U.N. human rights investigators criticized the United States on Thursday for failing to take steps to close the Guantanamo Bay military prison for terror suspects, which they say facilitates torture and violates international law.

In the first U.N.-sanctioned inquiry into U.S. practices at Guantanamo, the rights experts also criticized the Bush administration for a proposed law they said might permit torture in certain circumstances.

The experts presented their report on Guantanamo and its 450 detainees to the 47-nation U.N. Human Rights Council, a summary of which was released earlier this year.

"We note with the greatest concern that the government has not taken any steps to close Guantanamo," the rights experts said in a joint statement read by Algerian Leila Zerrougui, a specialist on arbitrary detention. "Indeed, a new block has been built and is set to open this month."

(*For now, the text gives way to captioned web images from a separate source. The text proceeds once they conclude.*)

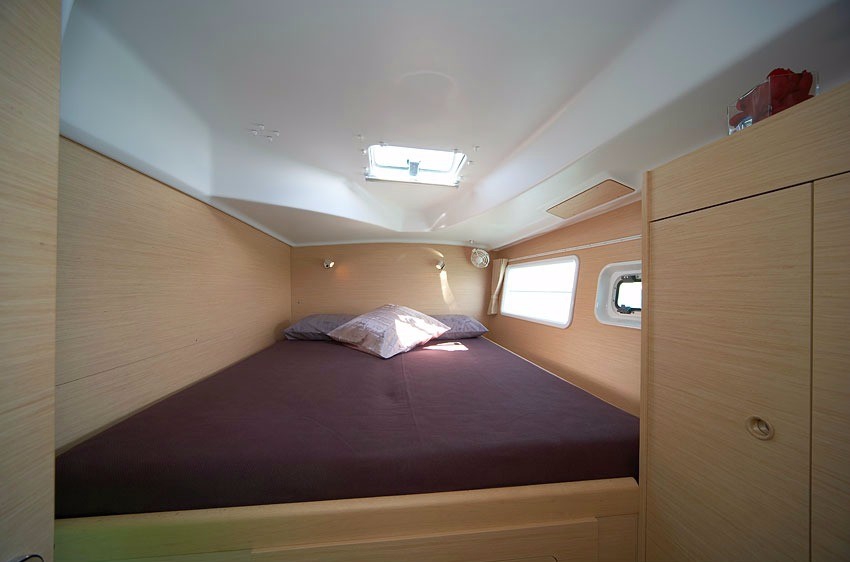 Bareboat Catamaran BELLEVUE photo 6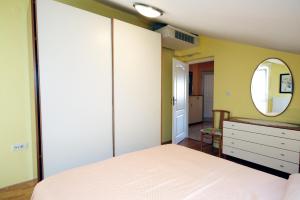 Apartments and rooms by the sea Supetarska Draga - Donja, Rab - 5033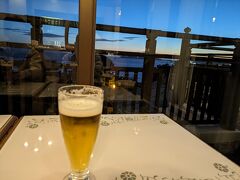 夕食前、ハッピーアワーで半額になるというので、ラウンジでビール！

竹島を眺めながら。

今日は仕事で疲れたので、とっても美味しい～！！
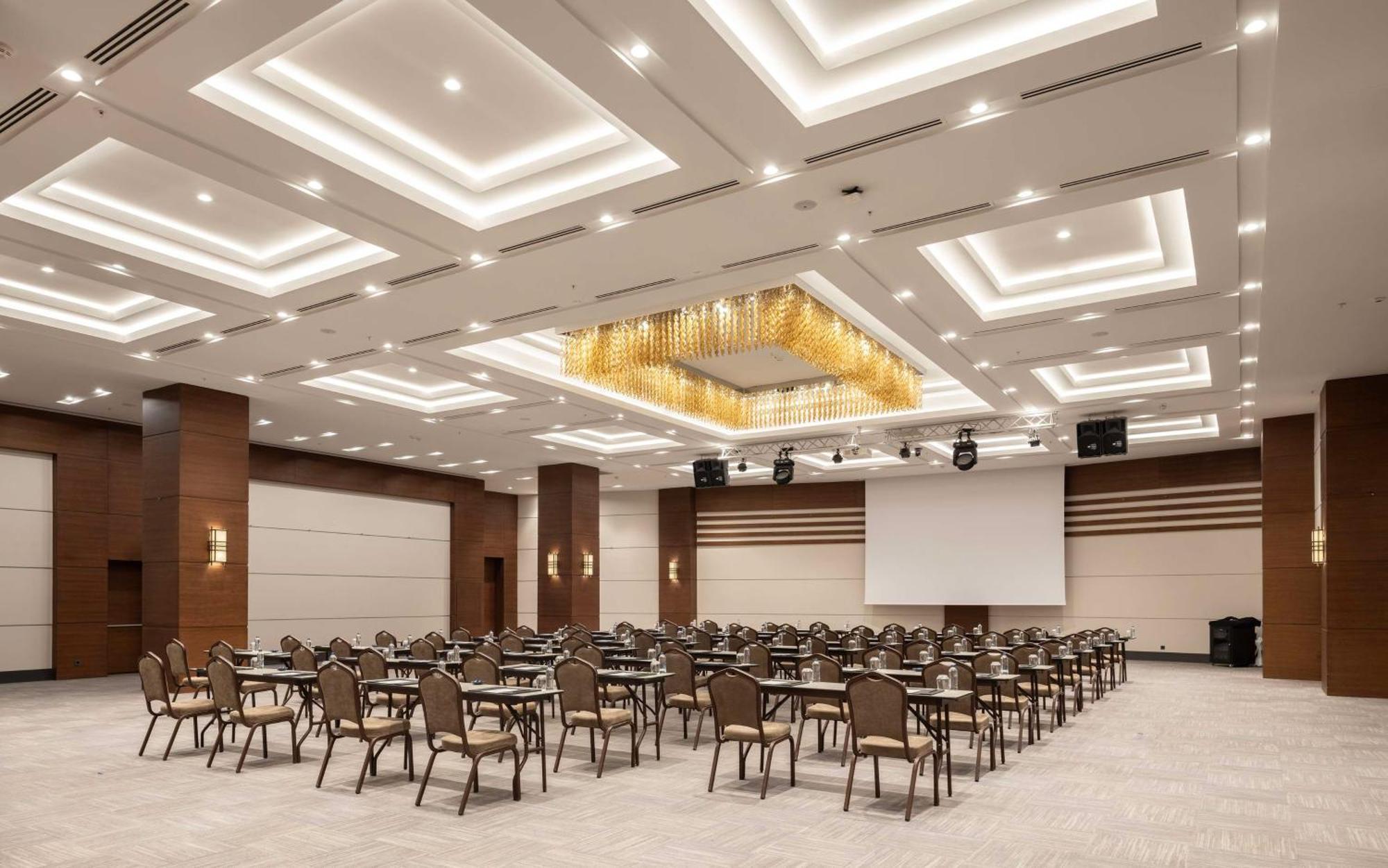 Radisson Blu Cankaya מלון 5*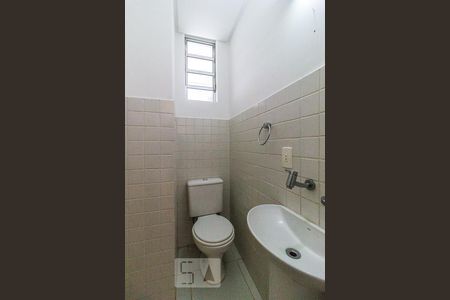 Lavabo de apartamento para alugar com 3 quartos, 108m² em Água Branca, São Paulo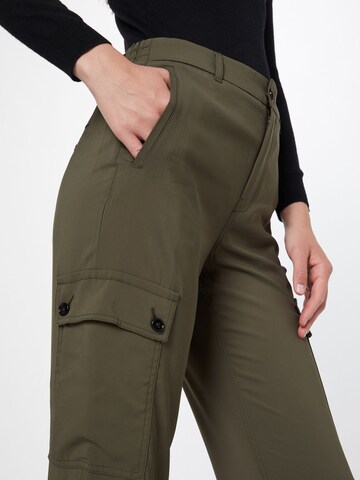 DRYKORN - Tapered Calças cargo em verde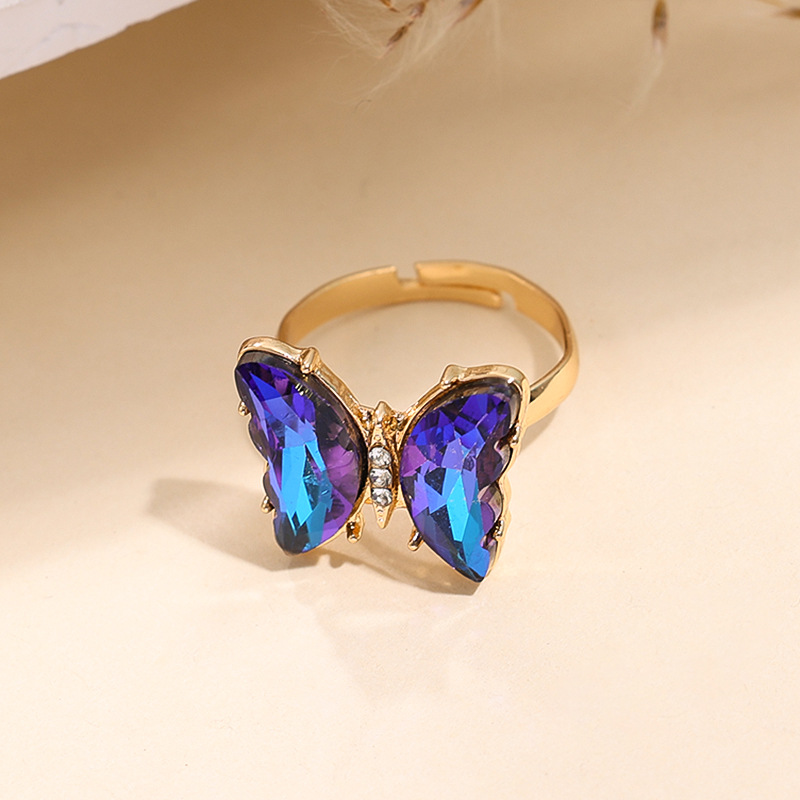 Ventas transfronterizas calientes coloridas 3 piezas de aretes collar anillo de moda europea y americana mariposa elegante collar de diamantes para mujeres image 9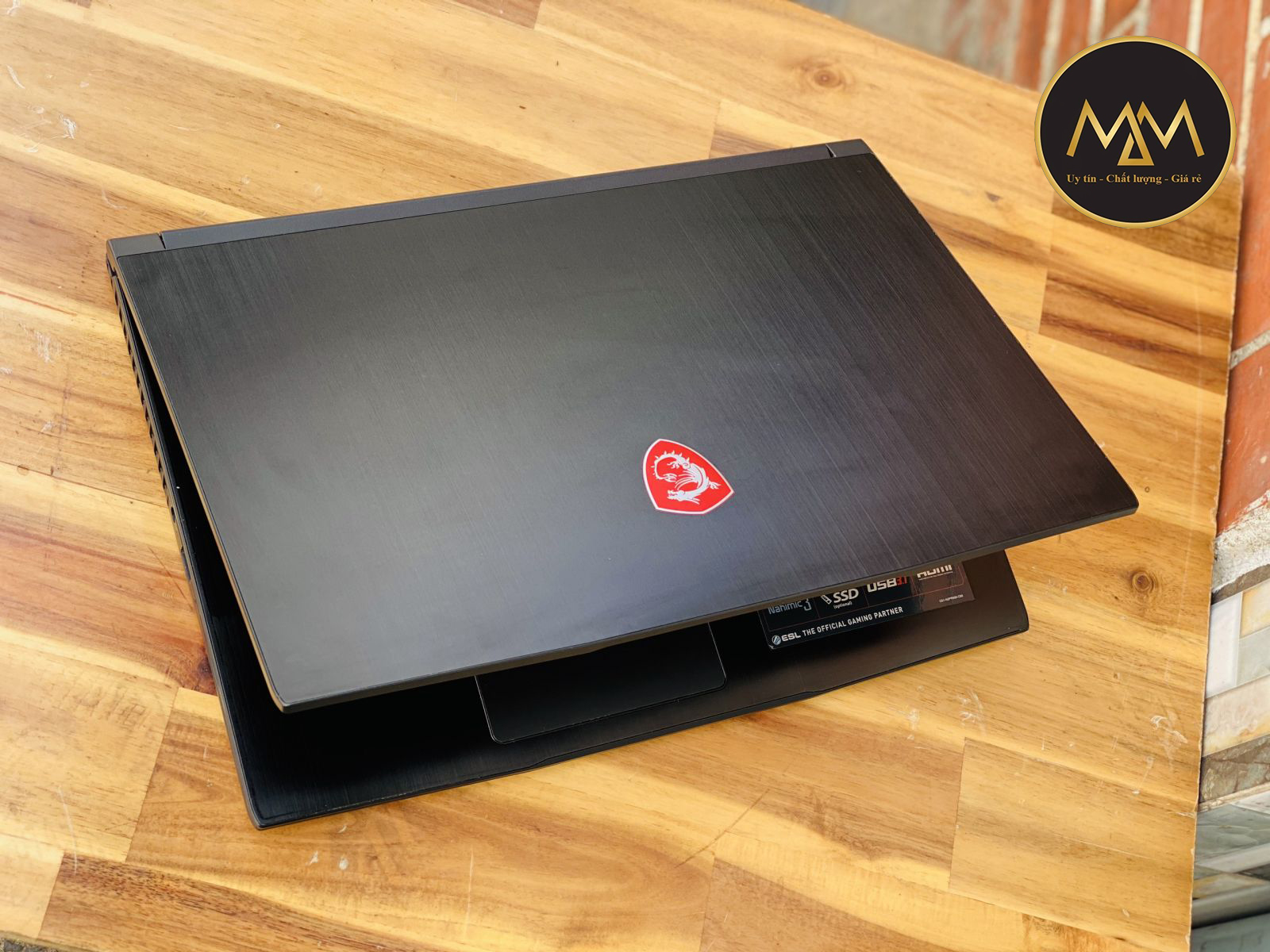 Noi-ban-laptop-gaming-MSI-uy-tin-gia-re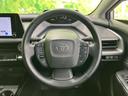 手元に複数のスイッチがまとまり、運転姿勢を大きく変えずに各種操作を行いやすい配置です。握りやすい形状で、毎日の運転を支える装備として活躍します。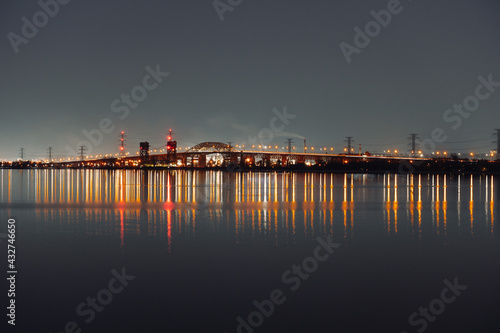 Fotografi Beautiful shot of colorful bridge lights reflection on the water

The United States responded by saying it would like to one day close Guantanamo, but first needs to find alternative means of protection from suspected terrorists. It criticized the allegations as poorly founded and said detainees are treated humanely.

The experts criticized President Bush's proposal on a new law regarding how to treat dangerous terrorism subjects, saying it failed to uphold the absolute prohibition on torture and "might permit abuses depending on the circumstances."

Zerrougui said the proposed bill would ensure that detainees are still denied minimum standards for fair trials.

Warren W. Tichenor, the U.S. ambassador to the U.N. in Geneva, criticized the experts for asserting "without real evidentiary support, conclusions they had clearly already reached."

"There is little indication that they considered seriously the voluminous information provided in writing by the U.S. government," Tichenor told the council, of which the United States is only an observer. "By contrast, the report treats second- and third-hand allegations from press reports and contacts with attorneys for the detainees as true."

The panel had sought access to Guantanamo Bay since 2002, but refused a U.S. offer for three experts to visit the camp in November after being told they could not interview detainees. They launched their investigation regardless after saying they had reliable accounts that suspected terror detainees being held there have been tortured.

The Red Cross said Wednesday its representatives will travel to Guantanamo to visit 14 high-level detainees connected to the Sept. 11 attacks, the USS Cole bombing or the 1998 bombings of the U.S. embassies in Kenya and Tanzania.

The detainees — recently transferred from CIA custody to Guantanamo — will be made available to the Red Cross around Oct. 1, U.S. military officials said.